Material provided:
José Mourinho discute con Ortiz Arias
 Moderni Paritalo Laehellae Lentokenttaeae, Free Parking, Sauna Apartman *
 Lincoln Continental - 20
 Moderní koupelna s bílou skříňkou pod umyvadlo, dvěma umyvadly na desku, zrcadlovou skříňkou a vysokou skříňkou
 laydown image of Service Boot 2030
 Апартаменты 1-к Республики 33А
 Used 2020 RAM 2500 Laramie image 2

What is required: From the line that contains "Moderni Paritalo Laehellae" through the end of the records above, print every line exactly and nothing else.

Answer section:
 Moderni Paritalo Laehellae Lentokenttaeae, Free Parking, Sauna Apartman *
 Lincoln Continental - 20
 Moderní koupelna s bílou skříňkou pod umyvadlo, dvěma umyvadly na desku, zrcadlovou skříňkou a vysokou skříňkou
 laydown image of Service Boot 2030
 Апартаменты 1-к Республики 33А
 Used 2020 RAM 2500 Laramie image 2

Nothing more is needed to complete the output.